### Problem statement
Every record should be restated exactly, with no images included.

### Supplied data
□ □ □ □ □ □ □
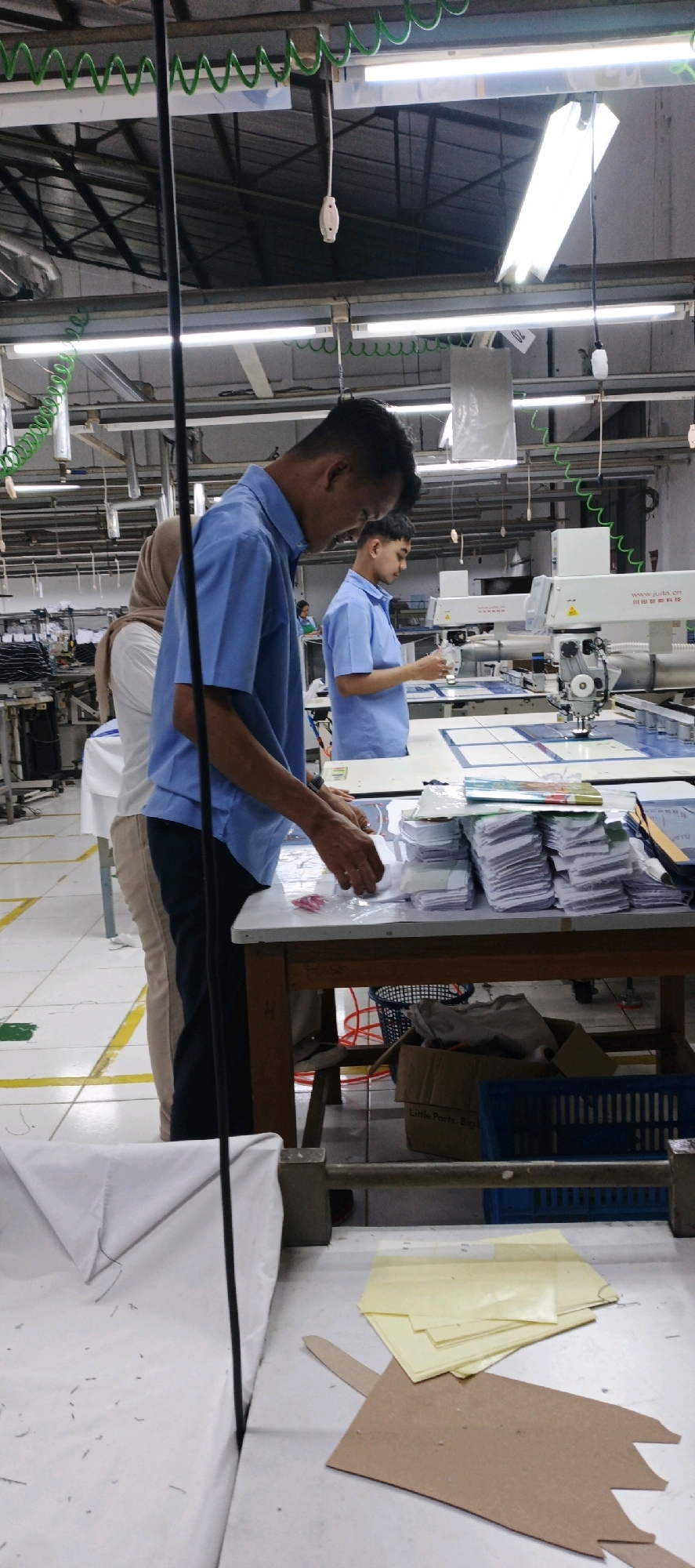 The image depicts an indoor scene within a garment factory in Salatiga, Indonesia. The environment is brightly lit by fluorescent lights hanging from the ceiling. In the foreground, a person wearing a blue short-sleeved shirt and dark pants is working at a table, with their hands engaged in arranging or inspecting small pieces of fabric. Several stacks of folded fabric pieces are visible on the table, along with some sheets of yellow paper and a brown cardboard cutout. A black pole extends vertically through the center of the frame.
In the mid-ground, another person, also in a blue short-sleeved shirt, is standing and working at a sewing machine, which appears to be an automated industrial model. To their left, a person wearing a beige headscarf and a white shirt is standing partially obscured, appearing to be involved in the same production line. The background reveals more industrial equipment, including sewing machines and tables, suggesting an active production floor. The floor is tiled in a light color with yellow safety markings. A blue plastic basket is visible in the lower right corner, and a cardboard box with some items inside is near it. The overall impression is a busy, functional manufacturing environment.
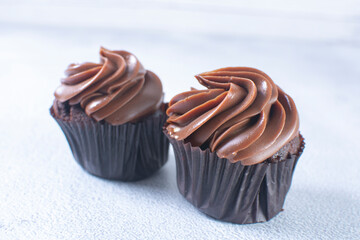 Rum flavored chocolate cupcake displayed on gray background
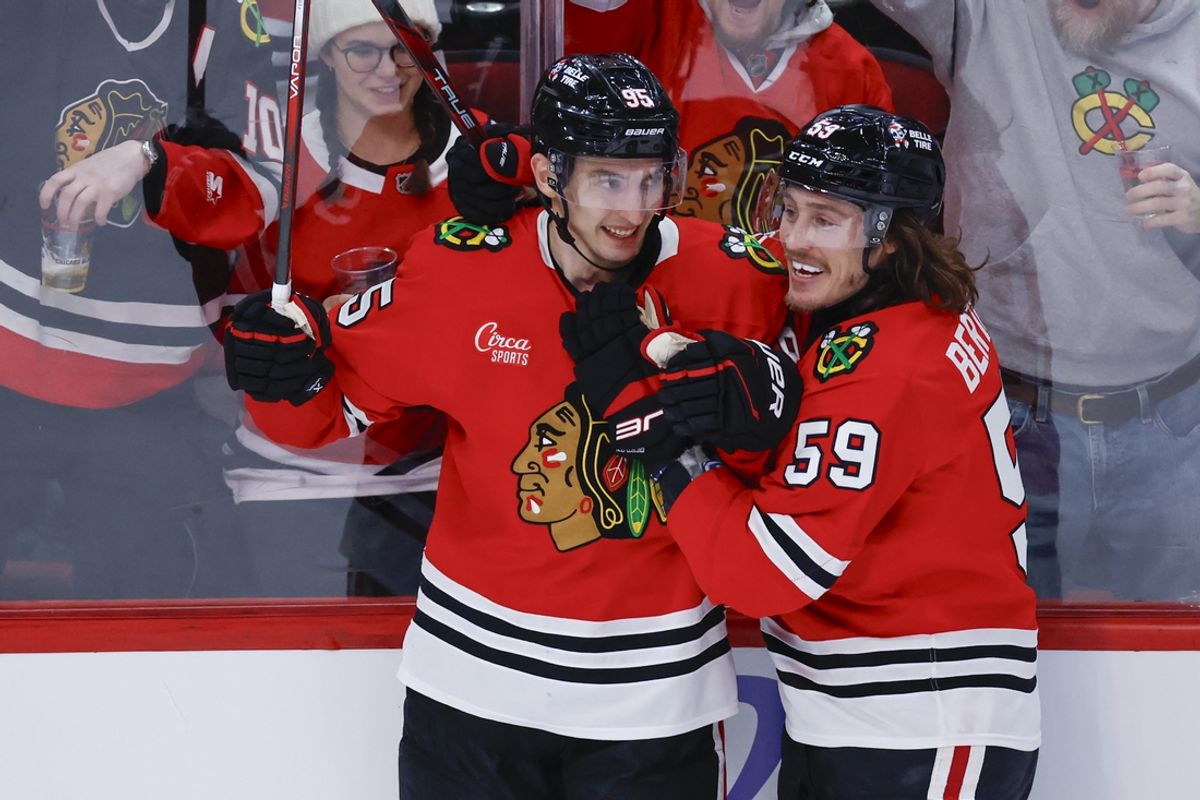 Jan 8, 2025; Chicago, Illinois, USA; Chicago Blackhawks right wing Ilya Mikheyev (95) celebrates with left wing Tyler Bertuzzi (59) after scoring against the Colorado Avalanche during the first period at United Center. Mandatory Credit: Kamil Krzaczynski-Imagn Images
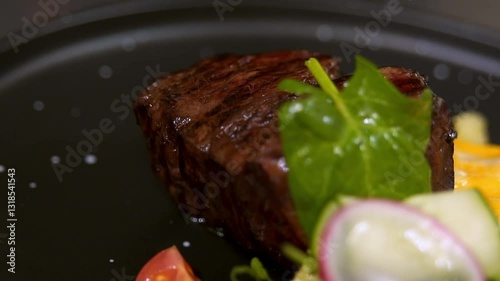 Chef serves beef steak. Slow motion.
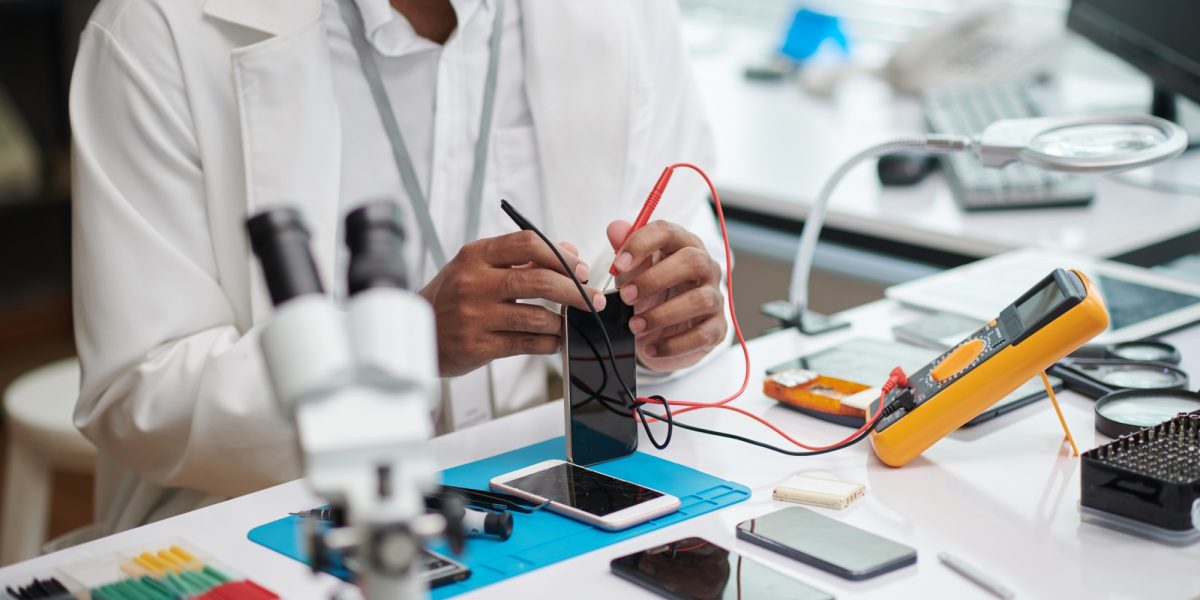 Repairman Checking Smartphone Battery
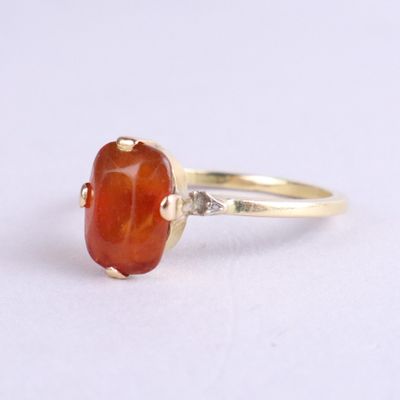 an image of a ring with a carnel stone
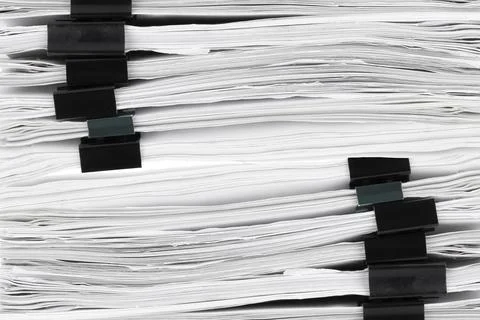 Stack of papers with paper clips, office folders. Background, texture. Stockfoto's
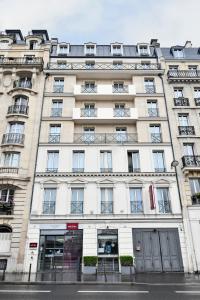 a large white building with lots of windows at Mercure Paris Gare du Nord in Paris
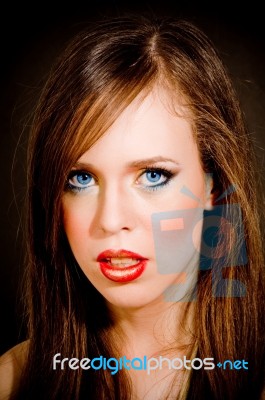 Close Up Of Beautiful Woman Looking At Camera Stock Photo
□ □ □ □ □ □ □
### Task output
 The image depicts an indoor scene within a garment factory in Salatiga, Indonesia. The environment is brightly lit by fluorescent lights hanging from the ceiling. In the foreground, a person wearing a blue short-sleeved shirt and dark pants is working at a table, with their hands engaged in arranging or inspecting small pieces of fabric. Several stacks of folded fabric pieces are visible on the table, along with some sheets of yellow paper and a brown cardboard cutout. A black pole extends vertically through the center of the frame.
In the mid-ground, another person, also in a blue short-sleeved shirt, is standing and working at a sewing machine, which appears to be an automated industrial model. To their left, a person wearing a beige headscarf and a white shirt is standing partially obscured, appearing to be involved in the same production line. The background reveals more industrial equipment, including sewing machines and tables, suggesting an active production floor. The floor is tiled in a light color with yellow safety markings. A blue plastic basket is visible in the lower right corner, and a cardboard box with some items inside is near it. The overall impression is a busy, functional manufacturing environment.
 Rum flavored chocolate cupcake displayed on gray background
 Jan 8, 2025; Chicago, Illinois, USA; Chicago Blackhawks right wing Ilya Mikheyev (95) celebrates with left wing Tyler Bertuzzi (59) after scoring against the Colorado Avalanche during the first period at United Center. Mandatory Credit: Kamil Krzaczynski-Imagn Images
 Chef serves beef steak. Slow motion.
 Repairman Checking Smartphone Battery
 an image of a ring with a carnel stone
 Stack of papers with paper clips, office folders. Background, texture. Stockfoto's
 a large white building with lots of windows at Mercure Paris Gare du Nord in Paris
 Close Up Of Beautiful Woman Looking At Camera Stock Photo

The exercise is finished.